Scenario 1: Activity B Delayed 1 Day

Activity B has a Free Float of 0 days, which means that if Activity B starts even one day late (i.e. starts on Day 7 instead of Day 6), it will delay the start of its successor Activity C by one day (i.e. Activity C will start beginning of Day 12 instead of Day 11).

  • Notice that it doesn’t affect the end date of the project.

Figure 2:  Scenario 1 – Activity B Delayed 1 Day

 

Scenario 2: Activity B Delayed 7 Days

Activity B has a Total Float value of 5 days and is scheduled to be completed for the end of Day 10.

  • If Activity B was delayed more than the total float of 5 days, say for instance it completed 7 days late (i.e., Activity B finished end of day 17 instead of day 10), then it will have a cascade affect and delay the successor activities along its float path and ultimately delay the project finish date by 2 days as well.
  • Notice that the Activity path of BàCàE becomes critical giving the project -2 days Total Float.

Figure 3:  Scenario 2 – Activity B Delayed 7 Days

 

Scenario 3: Activity D Delayed 5 Days

Activity D has a Free Float of 5 days. This means that Activity D has a range of 5 days that it can start without actually affecting the start of its successor Activity E (i.e., Activity D can start anytime between Day 6 to Day 11 without affecting Activity E’s planned start date of Day 16).

  • Activity D has a Total Float of 10 days. The Total Float and Free Float have a difference of 5 days.

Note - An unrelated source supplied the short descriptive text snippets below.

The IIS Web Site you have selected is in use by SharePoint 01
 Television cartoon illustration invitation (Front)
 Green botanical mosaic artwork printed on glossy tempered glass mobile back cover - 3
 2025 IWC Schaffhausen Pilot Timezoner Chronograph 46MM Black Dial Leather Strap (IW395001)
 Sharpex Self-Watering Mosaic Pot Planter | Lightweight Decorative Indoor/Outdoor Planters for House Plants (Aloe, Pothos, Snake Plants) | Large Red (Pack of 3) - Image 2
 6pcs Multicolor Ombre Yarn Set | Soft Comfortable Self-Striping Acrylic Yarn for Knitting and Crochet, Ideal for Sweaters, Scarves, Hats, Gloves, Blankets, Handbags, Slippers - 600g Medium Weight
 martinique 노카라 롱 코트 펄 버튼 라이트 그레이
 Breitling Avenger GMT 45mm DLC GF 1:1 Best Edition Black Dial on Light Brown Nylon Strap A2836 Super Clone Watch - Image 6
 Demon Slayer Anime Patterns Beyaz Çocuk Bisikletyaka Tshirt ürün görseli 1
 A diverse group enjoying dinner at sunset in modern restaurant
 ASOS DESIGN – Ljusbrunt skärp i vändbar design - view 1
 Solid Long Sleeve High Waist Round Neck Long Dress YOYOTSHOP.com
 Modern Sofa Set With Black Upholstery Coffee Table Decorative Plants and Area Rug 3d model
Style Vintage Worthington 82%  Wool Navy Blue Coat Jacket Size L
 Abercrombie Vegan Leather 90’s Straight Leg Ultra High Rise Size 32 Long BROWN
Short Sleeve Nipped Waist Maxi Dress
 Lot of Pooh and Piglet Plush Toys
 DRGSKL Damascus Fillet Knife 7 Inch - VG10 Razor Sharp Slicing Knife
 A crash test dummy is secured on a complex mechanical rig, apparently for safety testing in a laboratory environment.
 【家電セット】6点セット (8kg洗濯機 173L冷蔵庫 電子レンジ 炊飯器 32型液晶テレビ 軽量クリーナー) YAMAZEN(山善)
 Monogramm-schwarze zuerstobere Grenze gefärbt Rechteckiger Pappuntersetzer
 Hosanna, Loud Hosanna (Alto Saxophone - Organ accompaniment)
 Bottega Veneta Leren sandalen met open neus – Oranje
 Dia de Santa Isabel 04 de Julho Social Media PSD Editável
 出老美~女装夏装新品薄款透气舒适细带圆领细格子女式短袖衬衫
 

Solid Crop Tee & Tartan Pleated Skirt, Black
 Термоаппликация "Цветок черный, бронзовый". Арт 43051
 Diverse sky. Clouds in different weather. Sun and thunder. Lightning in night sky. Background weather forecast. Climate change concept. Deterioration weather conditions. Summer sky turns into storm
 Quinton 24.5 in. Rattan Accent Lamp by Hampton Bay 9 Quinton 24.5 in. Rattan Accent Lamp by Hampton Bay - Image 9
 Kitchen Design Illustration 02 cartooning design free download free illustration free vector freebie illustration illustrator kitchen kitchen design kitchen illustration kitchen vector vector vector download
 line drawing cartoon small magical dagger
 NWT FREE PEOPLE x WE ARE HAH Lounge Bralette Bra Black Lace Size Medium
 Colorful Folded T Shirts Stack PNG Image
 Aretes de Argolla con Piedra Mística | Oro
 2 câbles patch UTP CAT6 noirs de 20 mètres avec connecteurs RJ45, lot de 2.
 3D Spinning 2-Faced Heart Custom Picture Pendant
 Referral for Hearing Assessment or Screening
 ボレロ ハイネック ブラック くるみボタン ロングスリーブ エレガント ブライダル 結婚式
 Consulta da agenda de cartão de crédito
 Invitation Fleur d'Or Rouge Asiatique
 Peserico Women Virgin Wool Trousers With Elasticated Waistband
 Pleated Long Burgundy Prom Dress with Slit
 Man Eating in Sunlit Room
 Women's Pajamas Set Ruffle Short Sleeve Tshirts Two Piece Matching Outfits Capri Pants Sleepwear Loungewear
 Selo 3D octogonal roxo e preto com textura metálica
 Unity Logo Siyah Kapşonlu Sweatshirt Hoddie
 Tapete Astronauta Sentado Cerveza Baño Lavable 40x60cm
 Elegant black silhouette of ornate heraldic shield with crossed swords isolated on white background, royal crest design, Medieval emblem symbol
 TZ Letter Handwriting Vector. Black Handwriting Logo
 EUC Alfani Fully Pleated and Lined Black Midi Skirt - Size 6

Even if Activity D was delayed 8 days (i.e., start on Day 13), it will delay the start of Activity E by 3 days (i.e., start on Day 19), but it won’t affect the end date of the project.

Figure 4:  Scenario 3 – Activity D Delayed 5 Days

 

Scenario 4: Activity D Delayed 14 Days

If the start of Activity D was delayed more than the Total Float value of 10 days, then it will push back the end date of the project.

  • Activity D was planned to start on Day 6 but if it delays by 14 days and starts on Day 20, then it will cause Activity E’s start date to be delayed to Day 25 and finish on end of Day 29.
  • This means the project’s finish date is the end of Day 29 (i.e., Total Float=-4d, 4 days late).

Figure 5:  Scenario 4 – Activity D Delayed 14 Days

 

These 4 scenarios show how the Free Float and Total Float are different for an activity and how a change in that activity’s start date will have a cascade effect on its successor activities and project end date. Just remember Free Float is the range an activity can ‘float’ around without affecting any of its successor activities and Total Float is the range it can ‘float’ around without affecting the project’s scheduled end date.